= TASK STATEMENT =
Within the entries below, output exactly the lines between the line containing "Mide's piezo fan" and the line containing "When brushing your", inclusive, and omit any picture.

= TASK DATA =

•••

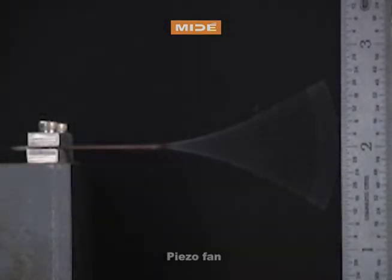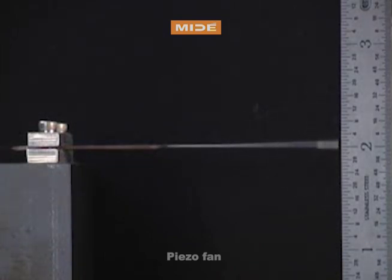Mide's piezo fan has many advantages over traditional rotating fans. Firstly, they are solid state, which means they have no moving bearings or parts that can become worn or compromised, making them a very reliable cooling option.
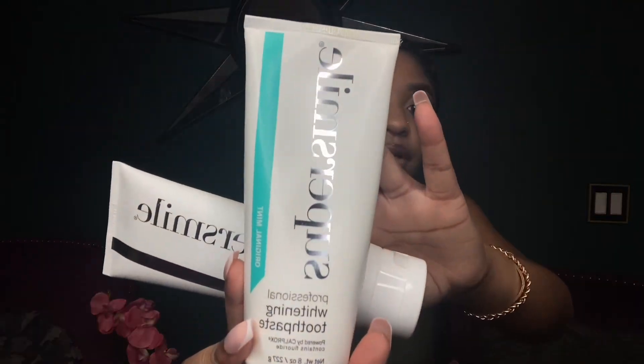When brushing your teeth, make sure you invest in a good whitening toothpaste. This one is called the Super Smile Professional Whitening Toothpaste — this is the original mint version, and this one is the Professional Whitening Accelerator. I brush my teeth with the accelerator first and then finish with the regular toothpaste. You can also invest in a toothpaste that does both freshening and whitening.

•••

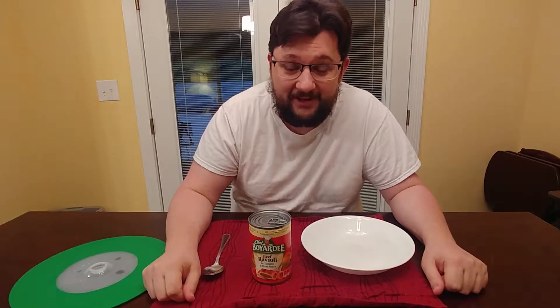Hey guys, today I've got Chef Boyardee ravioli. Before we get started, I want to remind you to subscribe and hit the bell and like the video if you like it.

•••

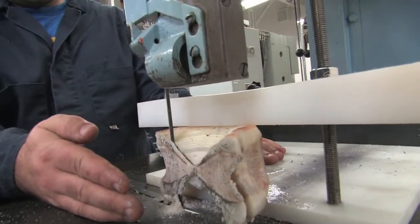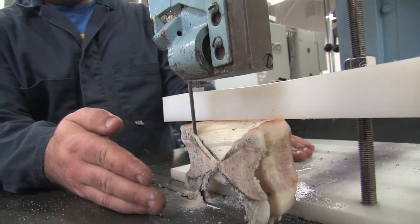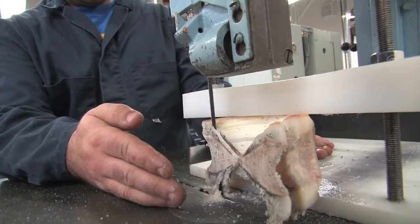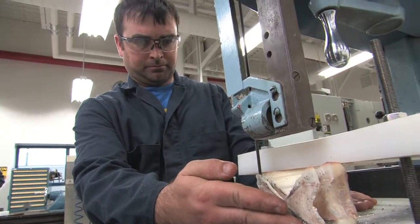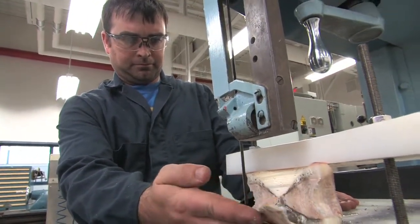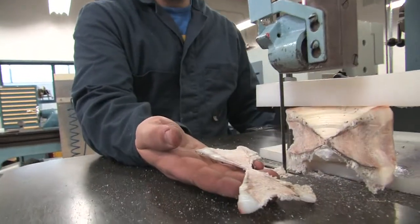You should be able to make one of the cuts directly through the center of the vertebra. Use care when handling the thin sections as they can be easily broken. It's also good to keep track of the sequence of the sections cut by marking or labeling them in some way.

•••

= RESPONSE AREA =
Mide's piezo fan has many advantages over traditional rotating fans. Firstly, they are solid state, which means they have no moving bearings or parts that can become worn or compromised, making them a very reliable cooling option.
When brushing your teeth, make sure you invest in a good whitening toothpaste. This one is called the Super Smile Professional Whitening Toothpaste — this is the original mint version, and this one is the Professional Whitening Accelerator. I brush my teeth with the accelerator first and then finish with the regular toothpaste. You can also invest in a toothpaste that does both freshening and whitening.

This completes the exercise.